# Data for the task
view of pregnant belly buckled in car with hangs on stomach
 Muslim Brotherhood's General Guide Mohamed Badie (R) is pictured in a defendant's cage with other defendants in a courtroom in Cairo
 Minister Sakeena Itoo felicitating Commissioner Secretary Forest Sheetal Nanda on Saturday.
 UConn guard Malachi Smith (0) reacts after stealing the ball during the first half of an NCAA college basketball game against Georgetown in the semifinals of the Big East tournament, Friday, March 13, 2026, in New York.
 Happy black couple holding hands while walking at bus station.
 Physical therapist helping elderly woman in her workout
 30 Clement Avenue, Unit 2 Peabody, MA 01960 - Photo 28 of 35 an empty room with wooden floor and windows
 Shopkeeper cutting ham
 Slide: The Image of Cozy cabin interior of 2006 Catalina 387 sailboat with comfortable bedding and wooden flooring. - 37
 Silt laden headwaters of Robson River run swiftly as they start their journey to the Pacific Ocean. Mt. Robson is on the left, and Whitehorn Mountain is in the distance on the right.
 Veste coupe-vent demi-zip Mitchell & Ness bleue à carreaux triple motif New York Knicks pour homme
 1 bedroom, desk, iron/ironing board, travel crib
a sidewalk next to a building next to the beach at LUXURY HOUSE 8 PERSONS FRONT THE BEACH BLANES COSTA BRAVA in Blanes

# Try it
Output the lines from the one holding "30 Clement Avenue, Unit" to the last line of the material, inclusive, exactly as they appear. Add no others.

# Result for this exercise
 30 Clement Avenue, Unit 2 Peabody, MA 01960 - Photo 28 of 35 an empty room with wooden floor and windows
 Shopkeeper cutting ham
 Slide: The Image of Cozy cabin interior of 2006 Catalina 387 sailboat with comfortable bedding and wooden flooring. - 37
 Silt laden headwaters of Robson River run swiftly as they start their journey to the Pacific Ocean. Mt. Robson is on the left, and Whitehorn Mountain is in the distance on the right.
 Veste coupe-vent demi-zip Mitchell & Ness bleue à carreaux triple motif New York Knicks pour homme
 1 bedroom, desk, iron/ironing board, travel crib
a sidewalk next to a building next to the beach at LUXURY HOUSE 8 PERSONS FRONT THE BEACH BLANES COSTA BRAVA in Blanes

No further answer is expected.